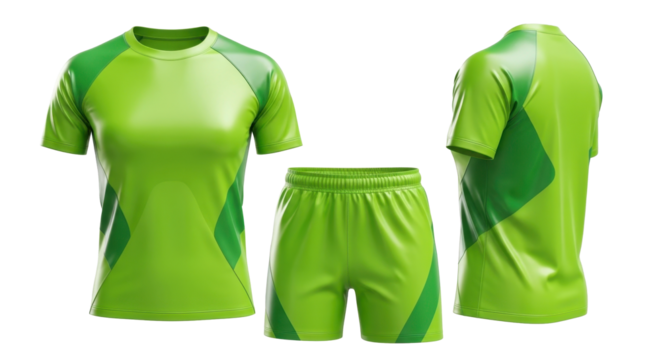 Vibrant green athletic uniform mockup featuring a short-sleeved t-shirt and matching shorts with a modern two-tone diagonal design, shown from multiple angles. - Powered by Adobe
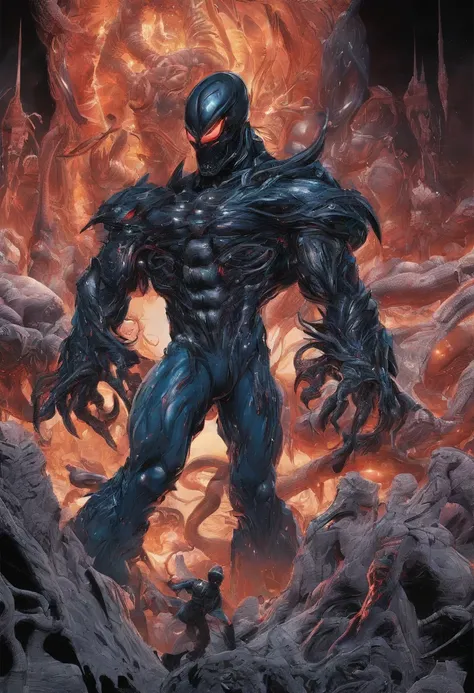 Venom possesses Superman，Full body photo，Liquid armor，high - tech，Laser laser，Delicate picture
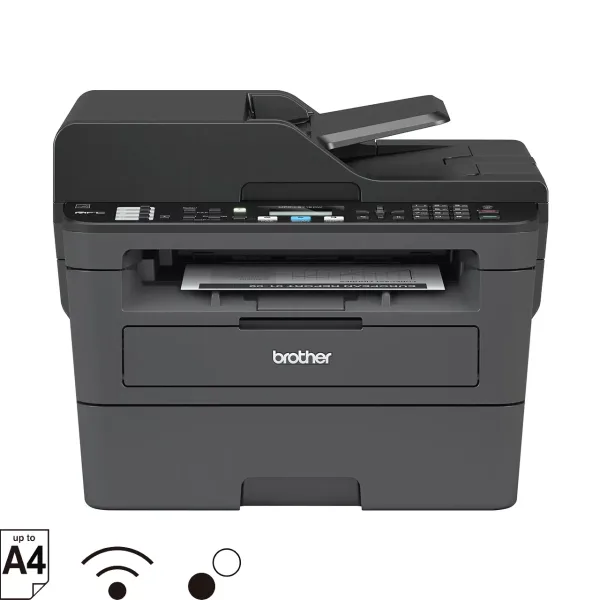 Máy in laser Brother MFC-L2715DW mặt trước Wi-Fi ADF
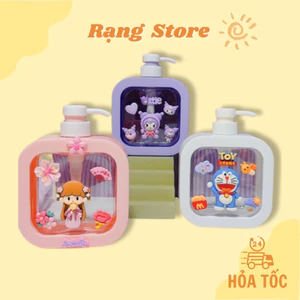 Ưu đãi - Chai đựng dầu gội, sữa tắm, bình đựng kem dùng cho gia đình, khách sạn hình dán xinh xắn 500ml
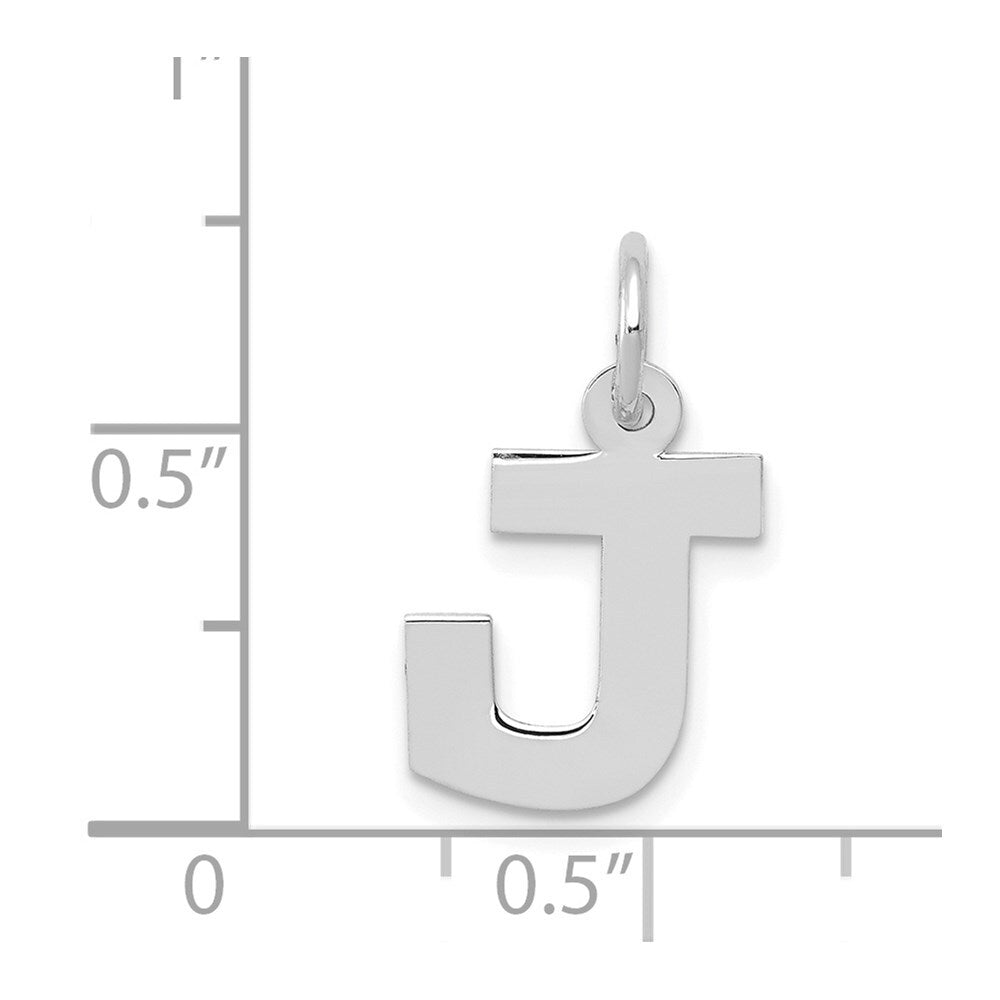 14k White Gold Small Block Letter J Initial Charm Pendant for Women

━━━━━━

• _WHAT THE TASK REQUIRES_
Take the line containing "Venom possesses Superman，Full" and every line after it to the end of the records, and restate them verbatim, with no pictures.

• _ANSWER SPACE_
 Venom possesses Superman，Full body photo，Liquid armor，high - tech，Laser laser，Delicate picture
 Máy in laser Brother MFC-L2715DW mặt trước Wi-Fi ADF
 Ưu đãi - Chai đựng dầu gội, sữa tắm, bình đựng kem dùng cho gia đình, khách sạn hình dán xinh xắn 500ml
 14k White Gold Small Block Letter J Initial Charm Pendant for Women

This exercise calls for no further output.